It’s hard to set absolute rules about, “Feature X should absolutely never be used.”
However, there are some features that set off alarm bells when I see them. Usually, when I start asking more questions about when we’re using those particular features, I get answers of, “Oh, I didn’t know that was a problem.” As we have a bigger discussion, it leads to the piece of code failing the code review, and going back to the drawing board for improvements.
- Joining to table-valued user-defined functions: if it’s a multi-statement function, its underlying work doesn’t show up in execution plans, and it’s single-threaded, running one row at a time. I’ll pop open the plan to just double-check if it’s multi-statement or inline, and heaven forbid it calls another function.
- Joining to table variables: even with 2019’s improved row estimations, table variables still don’t get statistics on their contents, and inserting data into them is still single-threaded. There are a few edge case uses that we discuss in Fundamentals of TempDB, especially around reducing recompilations, but generally when I see table variables in code, it’s because someone didn’t know about their weaknesses. (The weaknesses of table variables, I mean, not their own weaknesses. Although now that you say it that way…)
- CROSS JOIN: sure, there are legitimate reasons why you might want every row from a table with no filtering whatsoever, but it’s fairly unusual. These two words set off an alarm bell that make me look more closely.
- Multiple joins to the same CTE: CTEs can be fine, although a temp table is often a better fit. The thing that raises flags during a code review is seeing the same CTE referred to multiple times, like FROM cte JOIN cte JOIN cte, each with a different alias. That CTE will show up multiple times in the execution plan, hitting the underlying tables repeatedly.
- The kitchen sink design pattern: WHERE (CustomerId = @CustomerId OR @CustomerId IS NULL) is tough for SQL Server to optimize, and we typically change that over to dynamic SQL or judicious use of RECOMPILE hints.
- SELECT (things) INTO #TempTable: I love temp tables, and I think they get a bad rap, and even SELECT INTO can have advantages over explicitly creating a table. However, when I see SELECT INTO, it’s usually because someone was working quickly, and they didn’t want to take the time to write CREATE TABLE and figure out all the datatypes. For example, during a recent review, the query author was copying an entire table into TempDB, and then doing filtering rows there – thinking that they were minimizing the amount of work they were doing in the user database.

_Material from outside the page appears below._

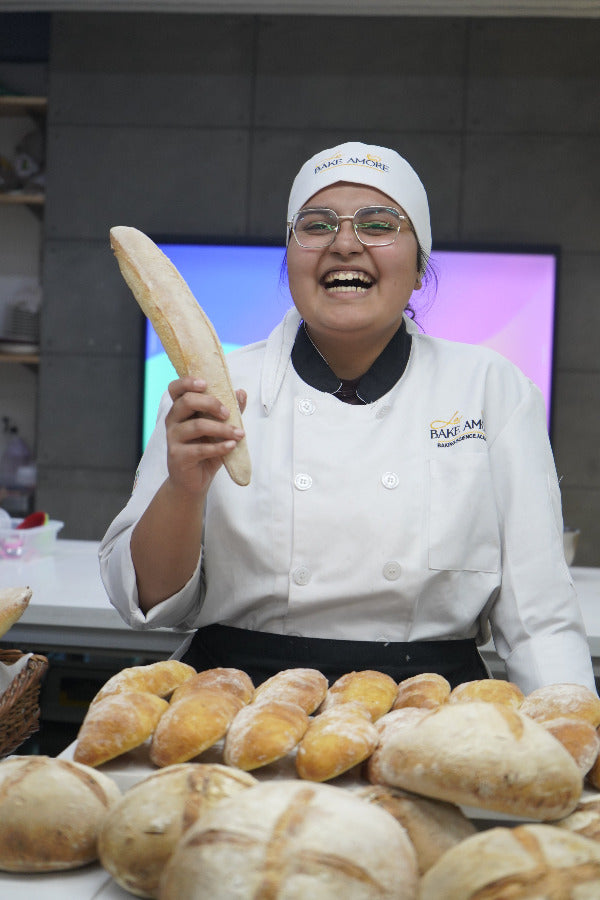 Person in a chef's uniform holding a loaf of bread with bread displayed on shelves in the background.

- Creating indexes on a temp table: this sounds like a good thing – after all, who doesn’t like indexes? – but most of the time when I see it and I start asking questions, I get answers like, “I just guessed that the index might help.” That triggers us to spend a little more time experimenting, and also leads to teachable moments about how that affects temp table caching.
- WITH (NOLOCK): I keep demoing that it gets random results, and I know you might find this hard to believe, but not everyone reads my blog. (I know, right?) There are indeed places where random results are just fine, but most of the time when I see this red flag and I ask questions, the query author just didn’t know how dangerous this hint was. Bonus points for trying to use it in an UPDATE statement.
- BEGIN TRAN & COMMIT with no error handling – when I see this, I ask, “So you’re doing an explicit transaction because it’s important to you that all of this stuff gets committed, or not at all, right? And you’re expecting to have the transaction fail every now and then and you want to roll back, right? So, uh, what happens to your app when that happens?” If you care enough to specify a transaction in the database, then you need to keep going and specify how to handle the errors, too. Erland Sommarskog’s Error and Transaction Handling post is a great place to start.
I have absolutely given the thumbs-up to code that had more than one of these anti-patterns – heck, this stuff is in the First Responder Kit – but they’re all signs that I’m gonna look a little more closely at your code and ask questions, and you should probably ask those questions, too.